Der Glocken-Klau von Hohenbrünzow
Eine kleine Gemeinde in Vorpommern ist bestürzt: Die Friedhofsglocke ist geklaut worden. Die Polizei tappt noch im Dunkeln, die Gemeinde fürchtet weitere Diebstähle. Von Sybille Marx
Hohenbrünzow. Es war ein Schock. Mitte Dezember erst hatte Pastor Christian Bauer mit seiner Gemeinde in Hohenmocker die Einweihung von drei neuen Glocken gefeiert. Anfang des Jahres fiel dann auf: Im vier Kilometer entfernten Ort Hohenbrünzow ist die alte Friedhofsglocke verschwunden – gestohlen aus dem frei stehenden Glockenstuhl heraus.

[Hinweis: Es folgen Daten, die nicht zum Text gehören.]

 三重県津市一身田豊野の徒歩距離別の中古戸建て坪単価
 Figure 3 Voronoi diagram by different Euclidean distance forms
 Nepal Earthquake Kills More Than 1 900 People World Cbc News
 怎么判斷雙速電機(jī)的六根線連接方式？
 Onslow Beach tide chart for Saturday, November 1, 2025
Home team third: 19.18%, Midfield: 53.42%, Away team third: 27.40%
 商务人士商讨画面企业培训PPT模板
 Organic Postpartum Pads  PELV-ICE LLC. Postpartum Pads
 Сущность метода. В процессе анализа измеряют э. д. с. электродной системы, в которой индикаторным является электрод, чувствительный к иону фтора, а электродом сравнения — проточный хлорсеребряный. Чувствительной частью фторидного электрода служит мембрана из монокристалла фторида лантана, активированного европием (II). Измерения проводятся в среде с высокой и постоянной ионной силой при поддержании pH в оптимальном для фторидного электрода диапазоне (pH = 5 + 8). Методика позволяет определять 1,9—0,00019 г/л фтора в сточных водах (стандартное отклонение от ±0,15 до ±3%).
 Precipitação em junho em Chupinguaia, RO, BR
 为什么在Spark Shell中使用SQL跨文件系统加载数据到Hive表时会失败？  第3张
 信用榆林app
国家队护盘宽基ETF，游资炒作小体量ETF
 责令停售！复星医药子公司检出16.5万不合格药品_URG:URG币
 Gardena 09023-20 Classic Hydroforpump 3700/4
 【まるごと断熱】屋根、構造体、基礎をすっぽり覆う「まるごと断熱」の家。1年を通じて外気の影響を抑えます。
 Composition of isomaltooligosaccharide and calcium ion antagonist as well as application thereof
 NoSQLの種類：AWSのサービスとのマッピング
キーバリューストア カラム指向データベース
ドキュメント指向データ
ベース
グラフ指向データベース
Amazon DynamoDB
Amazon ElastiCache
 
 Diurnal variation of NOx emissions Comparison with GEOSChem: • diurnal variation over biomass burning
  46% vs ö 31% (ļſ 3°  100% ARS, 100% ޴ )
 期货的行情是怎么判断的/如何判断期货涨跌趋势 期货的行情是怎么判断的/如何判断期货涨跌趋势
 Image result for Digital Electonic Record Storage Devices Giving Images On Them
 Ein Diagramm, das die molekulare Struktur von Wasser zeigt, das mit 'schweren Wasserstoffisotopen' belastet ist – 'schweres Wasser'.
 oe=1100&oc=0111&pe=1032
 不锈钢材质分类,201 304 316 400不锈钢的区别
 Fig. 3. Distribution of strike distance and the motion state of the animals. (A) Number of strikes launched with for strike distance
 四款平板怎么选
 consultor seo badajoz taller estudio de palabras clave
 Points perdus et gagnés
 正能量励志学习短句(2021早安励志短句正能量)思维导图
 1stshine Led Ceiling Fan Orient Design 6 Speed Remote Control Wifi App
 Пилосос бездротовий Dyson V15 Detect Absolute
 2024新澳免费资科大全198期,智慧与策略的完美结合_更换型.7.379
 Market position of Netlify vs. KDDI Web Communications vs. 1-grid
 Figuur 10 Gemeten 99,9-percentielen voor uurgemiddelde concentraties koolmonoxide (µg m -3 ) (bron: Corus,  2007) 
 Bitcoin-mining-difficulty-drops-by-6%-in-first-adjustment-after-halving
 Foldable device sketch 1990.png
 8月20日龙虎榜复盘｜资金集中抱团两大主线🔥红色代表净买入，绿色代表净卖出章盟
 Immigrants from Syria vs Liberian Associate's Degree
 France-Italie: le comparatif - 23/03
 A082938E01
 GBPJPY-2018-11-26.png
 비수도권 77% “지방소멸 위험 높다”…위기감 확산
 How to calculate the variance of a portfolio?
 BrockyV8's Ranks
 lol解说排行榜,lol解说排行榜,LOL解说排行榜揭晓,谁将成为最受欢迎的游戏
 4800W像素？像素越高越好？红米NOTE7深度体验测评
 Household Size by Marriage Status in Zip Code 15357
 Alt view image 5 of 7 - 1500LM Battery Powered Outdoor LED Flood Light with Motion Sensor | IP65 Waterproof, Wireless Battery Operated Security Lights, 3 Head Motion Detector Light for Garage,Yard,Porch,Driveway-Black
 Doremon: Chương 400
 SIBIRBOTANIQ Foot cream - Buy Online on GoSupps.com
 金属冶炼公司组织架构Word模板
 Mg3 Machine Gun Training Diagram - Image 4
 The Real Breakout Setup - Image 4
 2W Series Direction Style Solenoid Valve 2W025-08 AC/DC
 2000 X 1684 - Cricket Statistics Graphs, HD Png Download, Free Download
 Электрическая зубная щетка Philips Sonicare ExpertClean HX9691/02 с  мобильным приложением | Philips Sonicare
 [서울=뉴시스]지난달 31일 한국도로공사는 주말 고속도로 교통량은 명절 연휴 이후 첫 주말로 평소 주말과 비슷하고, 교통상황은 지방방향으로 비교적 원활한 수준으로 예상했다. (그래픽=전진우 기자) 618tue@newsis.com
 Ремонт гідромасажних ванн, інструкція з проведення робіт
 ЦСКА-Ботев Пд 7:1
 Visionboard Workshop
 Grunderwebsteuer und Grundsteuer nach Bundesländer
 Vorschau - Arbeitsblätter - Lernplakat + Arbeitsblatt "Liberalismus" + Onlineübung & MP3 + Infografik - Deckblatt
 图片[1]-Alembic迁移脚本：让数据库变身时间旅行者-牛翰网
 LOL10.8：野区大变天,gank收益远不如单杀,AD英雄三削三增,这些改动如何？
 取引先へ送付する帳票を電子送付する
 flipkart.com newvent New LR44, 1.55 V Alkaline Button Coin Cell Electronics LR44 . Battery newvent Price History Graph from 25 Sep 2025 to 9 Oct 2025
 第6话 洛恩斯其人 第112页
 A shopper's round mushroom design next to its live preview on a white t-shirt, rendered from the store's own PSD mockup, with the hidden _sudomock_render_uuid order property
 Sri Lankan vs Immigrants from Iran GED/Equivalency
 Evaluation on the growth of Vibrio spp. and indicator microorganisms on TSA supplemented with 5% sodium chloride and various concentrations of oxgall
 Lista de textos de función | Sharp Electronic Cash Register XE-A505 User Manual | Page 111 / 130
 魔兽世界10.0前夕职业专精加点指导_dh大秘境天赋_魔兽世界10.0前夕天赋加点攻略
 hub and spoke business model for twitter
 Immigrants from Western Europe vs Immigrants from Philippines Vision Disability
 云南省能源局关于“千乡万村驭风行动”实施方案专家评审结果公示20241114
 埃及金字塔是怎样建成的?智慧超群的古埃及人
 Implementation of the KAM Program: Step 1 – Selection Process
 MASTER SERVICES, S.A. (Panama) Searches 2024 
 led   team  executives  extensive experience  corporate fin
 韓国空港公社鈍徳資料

„Wie gewonnen, so zerronnen“, sagt der junge Pastor, zu dessen Gemeindegebiet über 30 Dörfer gehören, darunter fünf weitere mit freistehendem Glockenstuhl. „In der Bevölkerung sind alle fassungslos, weil es auch so niederträchtig, so pietätlos ist“, sagt er. „Alle fragen sich: Wer macht denn sowas?“
Um die Glocke, die rund 150 Kilo wiege, aus ihren Gestell zu befreien und abzutransportieren, hätten sicher vier Personen mit anpacken müssen, eine Flex brauche man auch. „Das war Profiarbeit“, meint Pastor Bauer. Die Polizei hat aber noch keine Spur. Auch die Frage, wann genau die Glocke eigentlich verschwand, ist bisher unklar und wird es möglicherweise bleiben.
Zuletzt am Totensonntag geläutet
Wie Christian Bauer erzählt, wurde die Glocke zuletzt zum Totensonntag am 22. November geläutet, danach sei niemand von der Gemeinde mehr auf dem Friedhof gewesen, und viel Publikumsverkehr gebe es in dem Dorf nicht. „Erst im neuen Jahr ist der Bürgermeisterin aufgefallen, dass man so merkwürdig durchgucken kann durch den Glockenstuhl.“ Von mehreren tausend Euro Schaden geht die Gemeinde nun aus. Noch würden alle hoffen, dass die Glocke, die seit 1861 in Hohenbrünzow hing, wieder auftaucht, erzählt Pastor Bauer. „Aber selbst wenn, wird sie sicher beschädigt sein, und dann kann es tausende Euro kosten, sie zu reparieren und neu aufhängen zu lassen.“ Bisher sei völlig unklar, wie die Gemeinde damit umgehen wolle.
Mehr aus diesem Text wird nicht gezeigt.